Senator Bernie Sanders and Representative Alexandria Ocasio-Cortez want to cap consumer interest rates in an effort to reduce “exorbitant” credit card fees and other forms of predatory loans.
Sanders and Ocasio-Cortez should rethink their proposal or risk emboldening the type of loan they hope to eliminate.
While that sounds good in principle, in practice their plan would hurt some of the people it is meant to help by killing an industry vital to struggling households: short-term loans and small dollars.
The history of small loans and their regulation, which I explore in a recently published book– shows why Sanders and Ocasio-Cortez should rethink their proposal or risk emboldening the kind of loan they hope to eliminate. Part of the reason is that their plan is based on a simplistic history of rules that limit usury or the amount of interest lenders can charge.
A brief history of usury
Usury laws are a old idea. Religious texts such as the Bible and the Koran prohibited any form of usury, while the Romans prohibited charging compound interest.
And when the first American settlers began to settle along the east coast, they brought with them The English Usury Act. In the 1970s all states except three still had general usury laws on the book. Annual rate caps ranged from as low as four percent in North Dakota to as much as 30 percent in Rhode Island.
These caps became less effective in 1978 when the United States Supreme Court has ruled that state laws do not apply to loans from out-of-state banks. This has allowed credit card-issuing banks to avoid more stringent usury laws by locating in states with higher limits or none. Some states, like South Dakota and Delaware, repealed their laws after the ruling to attract banks.
From the turn of the 20th century, states began to make exceptions to their usury laws to allow small loans.
So while usury laws still generally restricted the rates of certain types of loans, the sky became the limit for bank-issued credit cards, with some charging subprime rates as high as 79.9 percent per year.
Sanders and Ocasio-Cortez would love to go back to the world as it was before what they call it Supreme Court decision “disastrous”. Their Usurers Prevention Act would impose a 15% annual interest rate cap on all consumer loans while allowing states to set rates even lower.
But their understanding of history is not entirely correct. This is because from the turn of the 20th century, states began to make exceptions to their usury laws to allow small loans.
Small Loan Laws
By the turn of the 20th century, state usury laws applied to almost all types of loans. As a result, small dollar loans have been effectively prohibited almost everywhere because lenders could not operate profitably at statutory charging rates.
Usury laws set maximum fees as a percentage of the amount borrowed on an annual basis, resulting in minimal dollar fees for small, short-term loans. For example, in a state with a cap of 6%, a lender offering a loan of US $ 200 over three months could only charge $ 3 total interest, the monthly rate would be only 0.5%. At such low rates, low-value lenders could not cover the costs of running their business.

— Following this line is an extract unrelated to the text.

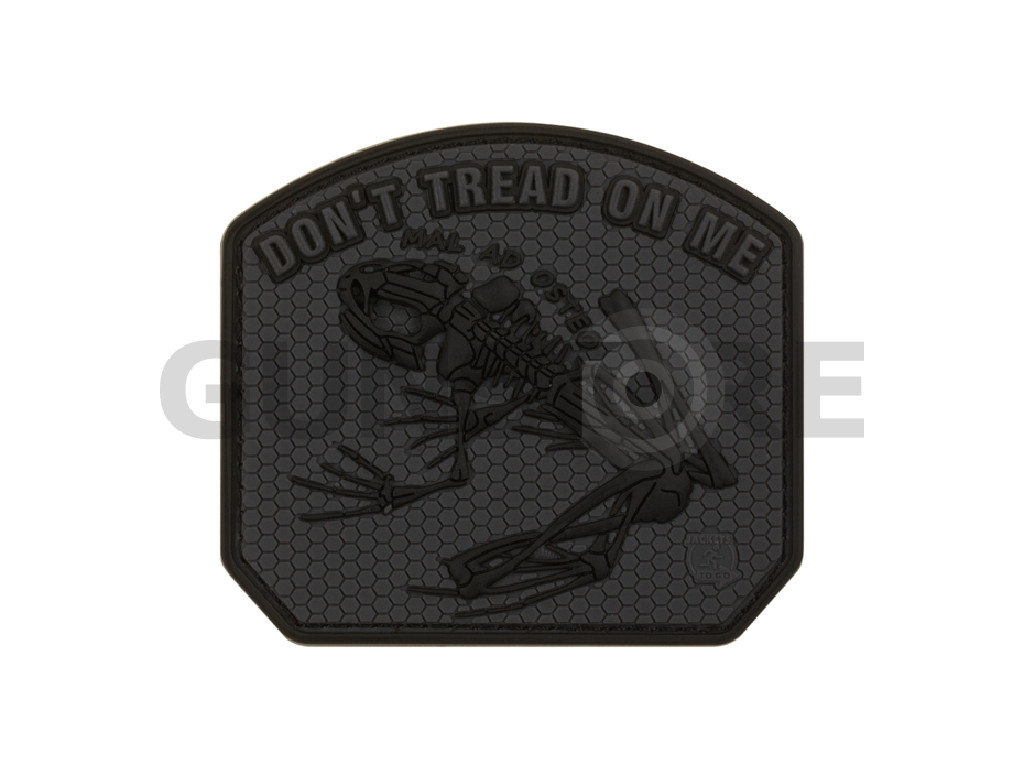 Don't Tread on me Frog Rubber Patch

Working-class households still needed access to credit, so strict usury laws did not diminish the demand for these loans.

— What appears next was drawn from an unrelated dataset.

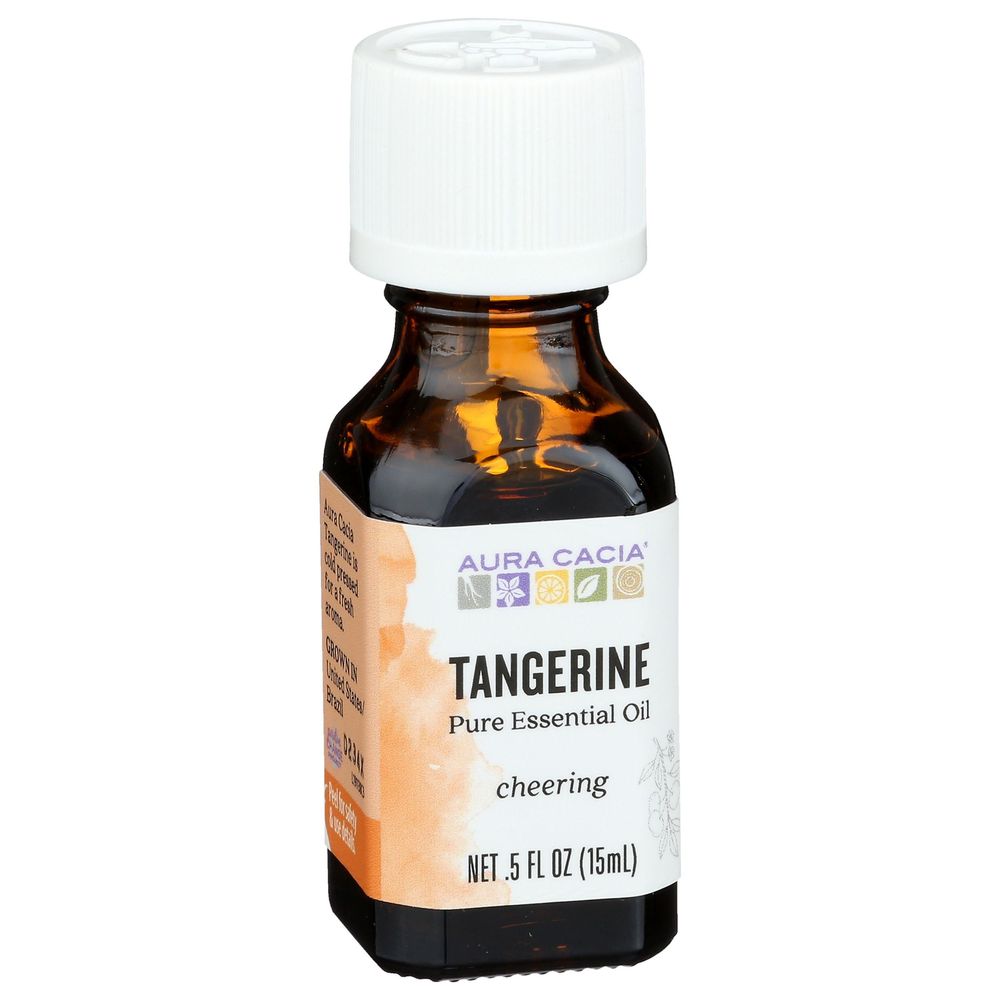 Aura Cacia Tangerine Essential Oil, 0.5 Ounce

But working-class households still needed access to credit, so strict usury laws did not decrease demand for these loans. Price caps have simply discouraged legitimate businesses from entering the market. This left borrowers struggling with loan sharks willing to break the law.
The Russell Sage Philanthropic Foundation, who studied the problem in the 1910s, urged states to exempt small money approved lenders from their general usury laws. The foundation drafted a model law, known as the Uniform Small Loans Act, which allowed these lenders to charge up to 3% per month, or 36% on an annualized basis, on cash loans of a few. hundreds of dollars.
Today, the 50 states continue to allow low-value lenders to charge more than 15% per annum.
A return of the shark?
I think Sanders and Ocasio-Cortez are right to be concerned about the high fees and charges on credit cards.
But the Usurers Prevention Act, as it is written, would take us not just to 1978, but to the late 19th century when low-income Americans in need of short-term loans were at the mercy of loan sharks. Traditional installment lenders and other short-term, small-sum credit providers would be billed out.
Limiting the charge rate to 15% per annum will not make these loans cheaper.
This is because a rate cap that works for large, long-term loans will not work for smaller, shorter-term loans. Only a charity or government-subsidized lender, such as a Postal bank, could offer small amount short term loans at a rate of 15% per annum and make ends meet.
Millions of consumers across the country depend on access to small loans. Limiting the charge rate to 15% per annum will not make these loans cheaper. It will simply do away with the law-abiding industry, leaving more borrowers at the mercy of loan sharks.